[Image-caption web data]
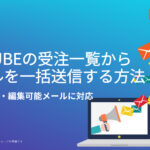 EC-CUBEの受注一覧からメールを一括送信する方法|未入金督促・編集可能メールに対応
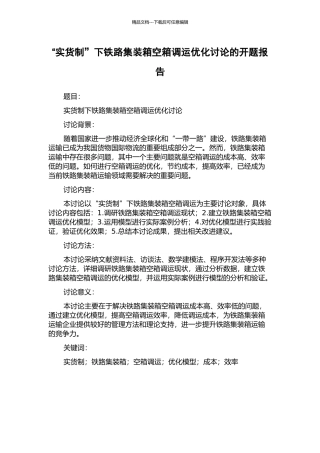 “实货制”下铁路集装箱空箱调运优化研究的开题报告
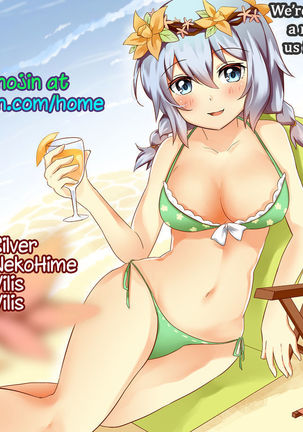 LS Monitor Page #19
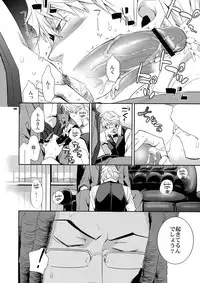 (C80) [Crazy9 (Ichitaka)] Sairoku (Durarara!!)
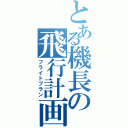 とある機長の飛行計画（フライトプラン）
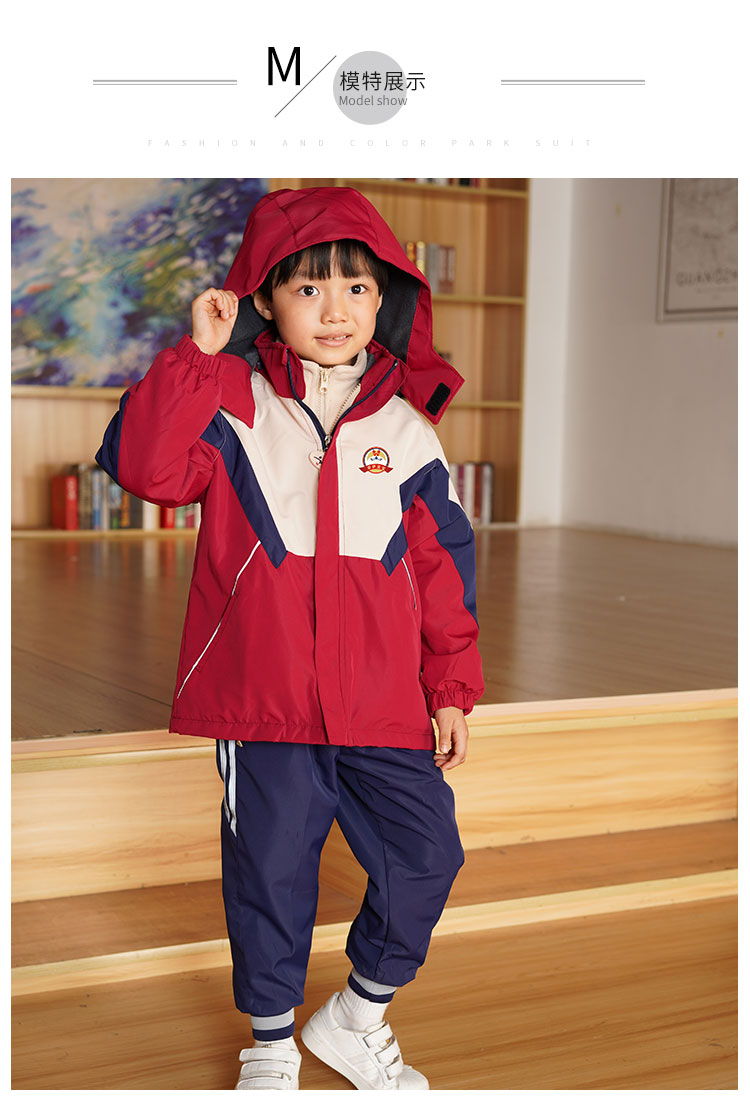 小學(xué)生校服沖鋒衣三件套兒童運(yùn)動秋冬季班服
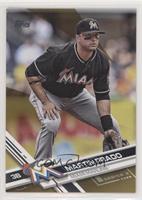 Martin Prado #/2,017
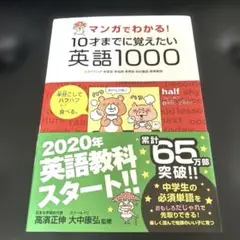 マンガでわかる!10才までに覚えたい英語1000 スペリング・発音・品詞・意味…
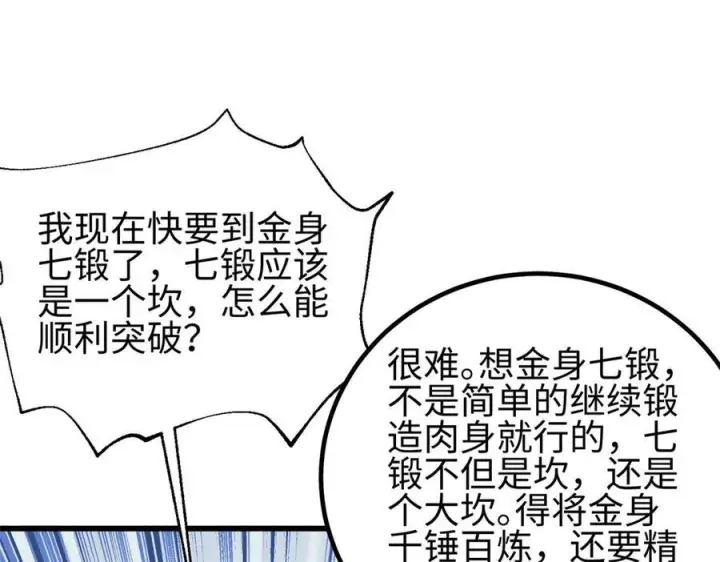 漫画《全球高武》328 人味第223张图
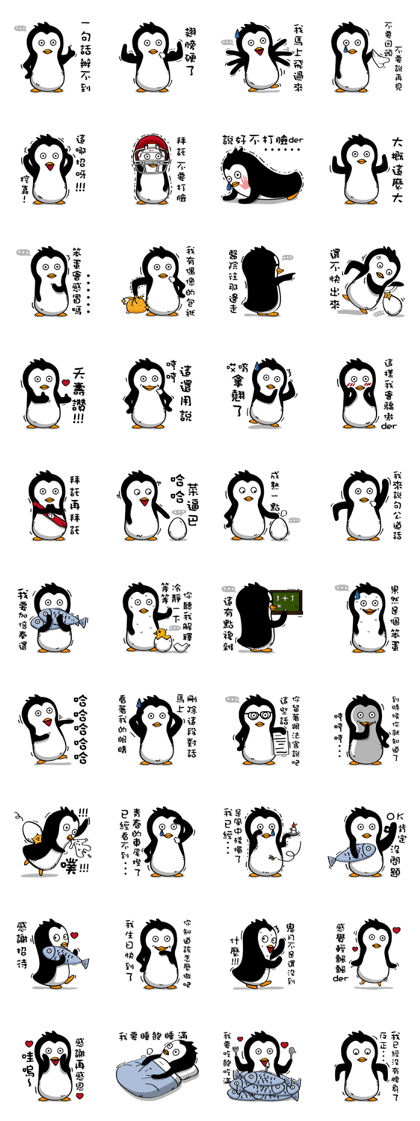 Penguin Oops!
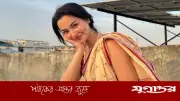 ফোর্বসের তালিকায় হানিয়া আমির: পাকিস্তানি অভিনেত্রীর বড় অর্জন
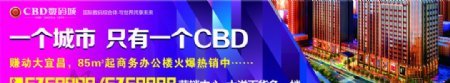 CDB户外图片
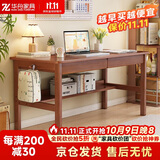 华舟书桌小户型家用写字桌卧室靠墙学生学习桌 0.6米胡桃色[宽40cm]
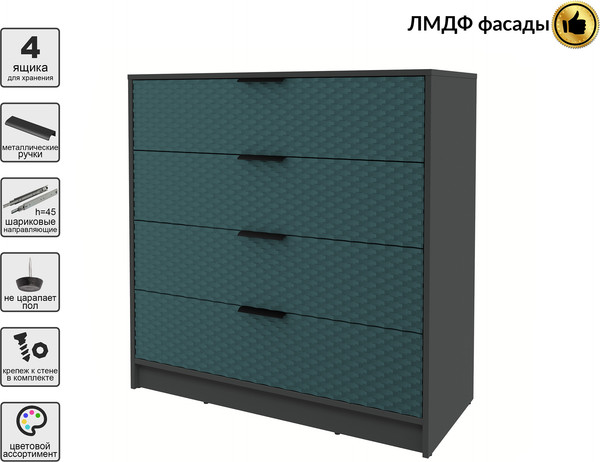 Комод Interline Концепт Техно КТ-К100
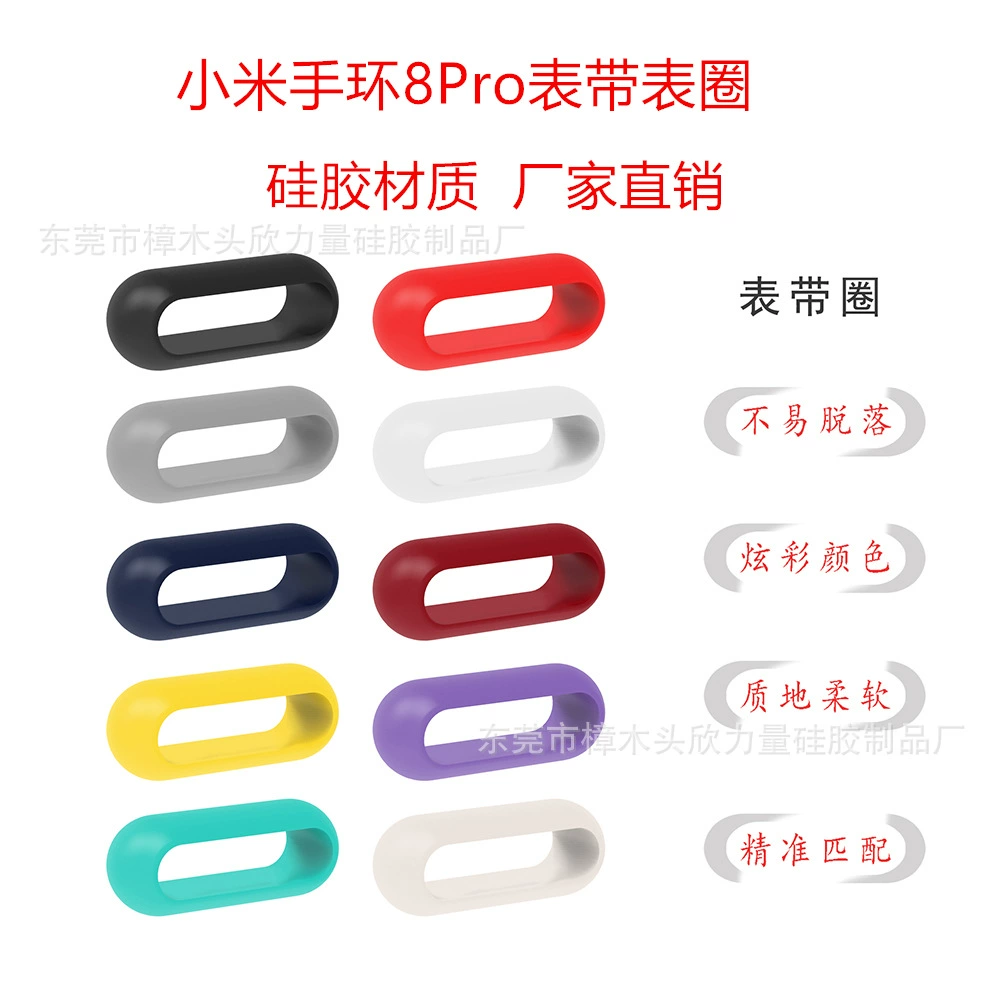 Подходит для Mi Band 8Pro кольцо для часов Mi Band 8Pro силиконовый ремешок кольцо Mi 8Pro ремешок для часов кольцо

§ YOUR TASK
Set down all the data again exactly as above, pictures excluded.

§ FINAL ANSWER
 EC-CUBEの受注一覧からメールを一括送信する方法|未入金督促・編集可能メールに対応
 “实货制”下铁路集装箱空箱调运优化研究的开题报告
 LS Monitor Page #19
 (C80) [Crazy9 (Ichitaka)] Sairoku (Durarara!!)
 とある機長の飛行計画（フライトプラン）
 小學(xué)生校服沖鋒衣三件套兒童運(yùn)動秋冬季班服
 Martin Prado #/2,017
 マンガでわかる!10才までに覚えたい英語1000 スペリング・発音・品詞・意味…
 漫画《全球高武》328 人味第223张图
 Penguin Oops!
 ফোর্বসের তালিকায় হানিয়া আমির: পাকিস্তানি অভিনেত্রীর বড় অর্জন
 CDB户外图片
 华舟书桌小户型家用写字桌卧室靠墙学生学习桌 0.6米胡桃色[宽40cm]
 Комод Interline Концепт Техно КТ-К100
 Подходит для Mi Band 8Pro кольцо для часов Mi Band 8Pro силиконовый ремешок кольцо Mi 8Pro ремешок для часов кольцо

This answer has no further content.